The nine pointers in this article are intertwined, inter-related and overlapping.  Returning to the first point, “Refuse to decline”, we can look further for insight into how we can maintain robust brain health well into old age.  What we do now has an effect on who we will be–cognitively–at 100.  Here’s what Daniel Pink (in DRiVE: The Surprising Truth About What Motivates Us) says about performance and cognition:

“The real pathway to enduring performance particularly for creative and conceptual tasks, are these three things: autonomy, mastery, and purpose. Autonomy is self direction, mastery is our desire to get better and better at something that matters, purpose is our desire to do what we do in the service of something larger than ourselves. And those three building blocks are the building blocks that really lead to sustained, enduring motivation, particularly for the more complex conceptual, creative things that more and more of us are doing on the job.”

Dan has been our guest speaker in the UTD Expert Forum three times, and in February of 2010 he spoke of the Boomer challenge–of being 60 today, and how its qualitatively differently than being 60 in 1950 or1990. If you’re 60 today, maybe you have 25 or more good years left. People look back 25 years to when they were 35 and they say “That happened fast!” and may ask any or all of the following questions:

Are the next 25 years going to happen that fast?
And if they are, when am I going to do something that matters?
When am I going to leave a mark on the world?
What is my legacy going to be?
How am I going to be remembered?
When am I going to live my best life?
What is my purpose?
What contribution will I have made in my lifetime?

A dramatic quote from Pink will close this section: “When the cold front of demographics meets the warmer front of unrealized dreams, the result will be the thunderstorm of purpose, the likes of which the world has never seen.”

8.  Free yourself of the constraints of geography—go virtual.

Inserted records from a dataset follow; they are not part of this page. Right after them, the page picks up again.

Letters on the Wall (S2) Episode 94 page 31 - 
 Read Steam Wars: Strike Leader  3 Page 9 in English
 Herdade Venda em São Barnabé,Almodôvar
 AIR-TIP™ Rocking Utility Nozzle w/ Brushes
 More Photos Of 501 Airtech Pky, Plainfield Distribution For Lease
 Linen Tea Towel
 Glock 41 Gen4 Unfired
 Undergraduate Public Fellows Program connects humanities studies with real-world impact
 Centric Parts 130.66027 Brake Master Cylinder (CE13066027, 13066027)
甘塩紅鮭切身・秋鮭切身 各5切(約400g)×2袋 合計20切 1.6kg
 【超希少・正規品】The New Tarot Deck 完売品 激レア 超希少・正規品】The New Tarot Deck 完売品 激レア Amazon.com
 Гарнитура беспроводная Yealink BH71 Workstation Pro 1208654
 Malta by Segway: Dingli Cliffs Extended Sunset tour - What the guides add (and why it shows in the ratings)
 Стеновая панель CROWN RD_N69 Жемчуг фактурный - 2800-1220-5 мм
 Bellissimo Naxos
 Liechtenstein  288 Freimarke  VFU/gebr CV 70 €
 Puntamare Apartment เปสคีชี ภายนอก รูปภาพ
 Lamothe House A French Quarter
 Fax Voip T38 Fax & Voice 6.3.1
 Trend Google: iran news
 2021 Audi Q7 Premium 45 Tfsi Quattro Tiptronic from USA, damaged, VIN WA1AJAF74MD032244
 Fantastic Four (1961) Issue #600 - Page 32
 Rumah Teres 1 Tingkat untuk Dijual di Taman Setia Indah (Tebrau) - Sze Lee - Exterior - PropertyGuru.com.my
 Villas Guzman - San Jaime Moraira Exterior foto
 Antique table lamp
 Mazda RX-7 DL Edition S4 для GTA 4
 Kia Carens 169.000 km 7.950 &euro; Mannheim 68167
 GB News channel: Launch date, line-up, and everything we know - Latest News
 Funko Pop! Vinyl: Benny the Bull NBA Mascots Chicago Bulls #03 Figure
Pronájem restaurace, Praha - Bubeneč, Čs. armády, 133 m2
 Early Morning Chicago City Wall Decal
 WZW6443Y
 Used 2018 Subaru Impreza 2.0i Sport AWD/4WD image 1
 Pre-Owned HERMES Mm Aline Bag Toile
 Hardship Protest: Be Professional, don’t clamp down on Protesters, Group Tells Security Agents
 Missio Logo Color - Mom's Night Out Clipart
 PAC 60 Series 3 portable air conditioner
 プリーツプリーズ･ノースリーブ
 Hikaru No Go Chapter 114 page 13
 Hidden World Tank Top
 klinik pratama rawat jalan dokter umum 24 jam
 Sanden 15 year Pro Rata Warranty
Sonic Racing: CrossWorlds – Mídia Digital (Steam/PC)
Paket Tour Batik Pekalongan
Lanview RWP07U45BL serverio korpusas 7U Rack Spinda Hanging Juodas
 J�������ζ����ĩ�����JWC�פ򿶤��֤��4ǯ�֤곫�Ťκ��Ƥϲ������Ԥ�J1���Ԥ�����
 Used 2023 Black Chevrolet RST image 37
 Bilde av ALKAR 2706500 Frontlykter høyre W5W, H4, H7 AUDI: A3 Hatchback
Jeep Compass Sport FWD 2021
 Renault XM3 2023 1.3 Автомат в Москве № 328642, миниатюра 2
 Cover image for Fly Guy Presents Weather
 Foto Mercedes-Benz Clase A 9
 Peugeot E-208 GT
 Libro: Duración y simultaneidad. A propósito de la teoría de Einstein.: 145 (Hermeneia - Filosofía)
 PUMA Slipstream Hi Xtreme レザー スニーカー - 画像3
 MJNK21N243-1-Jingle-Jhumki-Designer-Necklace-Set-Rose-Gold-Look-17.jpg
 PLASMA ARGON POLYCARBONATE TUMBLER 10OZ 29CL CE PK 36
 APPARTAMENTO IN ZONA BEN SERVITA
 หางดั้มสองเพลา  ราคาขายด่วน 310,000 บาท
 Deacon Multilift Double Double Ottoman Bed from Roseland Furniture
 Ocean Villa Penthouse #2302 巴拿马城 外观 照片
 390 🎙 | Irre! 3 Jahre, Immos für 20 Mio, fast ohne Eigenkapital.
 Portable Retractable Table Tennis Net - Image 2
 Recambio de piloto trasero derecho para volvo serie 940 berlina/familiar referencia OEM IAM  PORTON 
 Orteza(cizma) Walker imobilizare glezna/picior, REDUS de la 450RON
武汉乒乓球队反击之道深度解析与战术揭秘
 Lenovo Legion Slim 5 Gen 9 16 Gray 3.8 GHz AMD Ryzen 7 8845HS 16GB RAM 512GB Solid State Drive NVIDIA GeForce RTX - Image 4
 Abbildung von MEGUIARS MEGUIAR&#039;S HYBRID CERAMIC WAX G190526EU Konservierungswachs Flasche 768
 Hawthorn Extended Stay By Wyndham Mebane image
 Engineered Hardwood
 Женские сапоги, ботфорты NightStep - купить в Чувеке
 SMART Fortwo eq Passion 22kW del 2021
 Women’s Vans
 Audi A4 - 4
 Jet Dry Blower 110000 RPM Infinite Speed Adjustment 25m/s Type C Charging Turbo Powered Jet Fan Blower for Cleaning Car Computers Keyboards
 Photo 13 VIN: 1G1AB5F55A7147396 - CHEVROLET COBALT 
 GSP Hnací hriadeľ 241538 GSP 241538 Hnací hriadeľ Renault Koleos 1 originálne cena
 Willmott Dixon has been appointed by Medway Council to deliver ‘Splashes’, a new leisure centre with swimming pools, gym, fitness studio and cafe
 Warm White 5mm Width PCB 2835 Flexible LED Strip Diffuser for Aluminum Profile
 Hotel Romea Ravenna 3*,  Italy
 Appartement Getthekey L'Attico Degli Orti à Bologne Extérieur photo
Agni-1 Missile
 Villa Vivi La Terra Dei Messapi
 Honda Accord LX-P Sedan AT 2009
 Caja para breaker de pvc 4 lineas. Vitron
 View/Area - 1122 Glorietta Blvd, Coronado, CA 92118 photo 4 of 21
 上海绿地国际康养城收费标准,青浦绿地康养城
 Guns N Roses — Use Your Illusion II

In 1994, a year after I left my last corporate job I traveled to Sao Paulo, Brazil to present a newly created workshop to an innovative professional organization.  The title of the workshop was “The Virtual Corporation: New Strategies for a New Millennium and a Global Viewpoint.” The term “virtual corporation” came into general use in 1993, highlighted by articles in Business Week and Computerworld.  The book The Virtual Corporation by Davidow and Malone, published in 1992, defines a new kind of amorphous entity, “virtual companies…that have offices in many cities but no real physical headquarters and whose people live on the network.  …the organizations of the 21st century will be constantly reconfiguring themselves, because change is happening all the time and organizations that try to figure it out once and for all are wrong.” They envisioned  just a portion of the ultimate in connectedness we now take for granted—in business and in life. We could hardly imagine the enormous changes that would come in the 21st century and yet they reinforce these observations from the early 1990’s.

Why is the concept of the virtual corporation significant to Boomers in the second decade of the 21st century? The significance lies in the usefulness and the applicability of the concept.